— Input data —
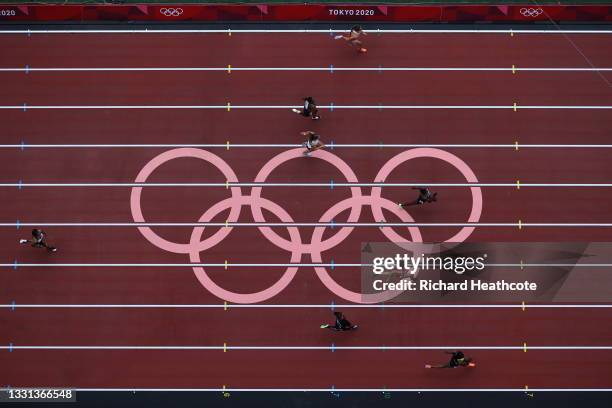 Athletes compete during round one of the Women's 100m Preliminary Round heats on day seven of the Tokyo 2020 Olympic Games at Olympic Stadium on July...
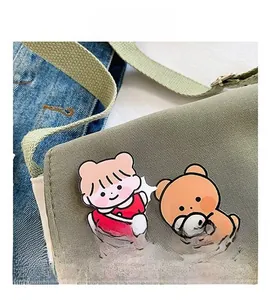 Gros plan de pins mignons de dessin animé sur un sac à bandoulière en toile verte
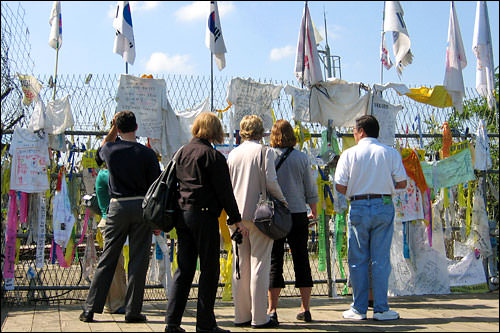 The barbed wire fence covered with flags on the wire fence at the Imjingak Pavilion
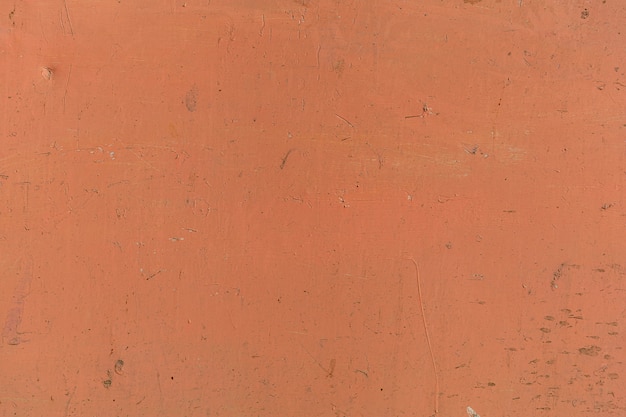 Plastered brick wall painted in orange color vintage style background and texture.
...
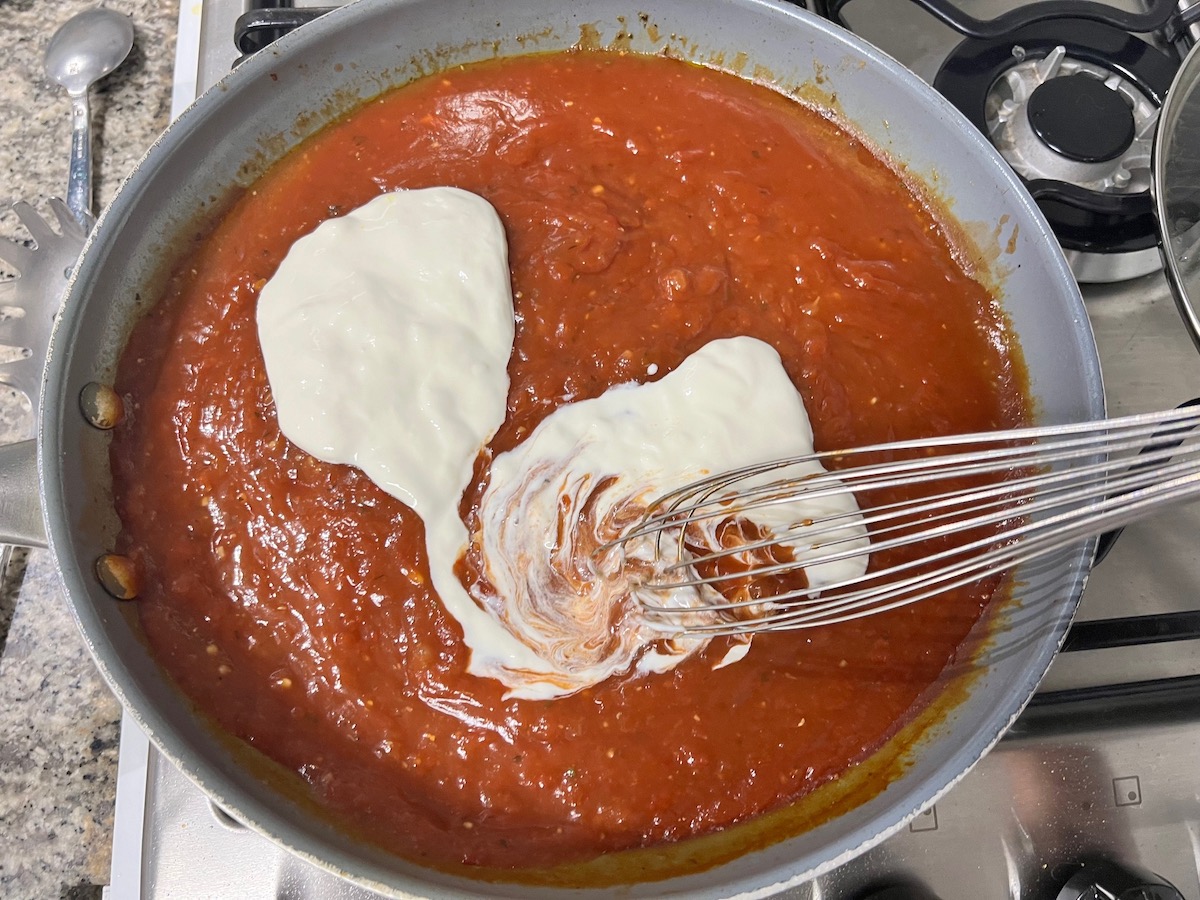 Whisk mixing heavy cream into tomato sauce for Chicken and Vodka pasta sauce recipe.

— Exercise brief —
Keep to the lines above from the line with "Athletes compete during" to the line with "Plastered brick wall", and set down exactly those, inclusive, with nothing else and every picture left out.

— Solved problem —
 Athletes compete during round one of the Women's 100m Preliminary Round heats on day seven of the Tokyo 2020 Olympic Games at Olympic Stadium on July...
 Gros plan de pins mignons de dessin animé sur un sac à bandoulière en toile verte
 The barbed wire fence covered with flags on the wire fence at the Imjingak Pavilion
 Plastered brick wall painted in orange color vintage style background and texture.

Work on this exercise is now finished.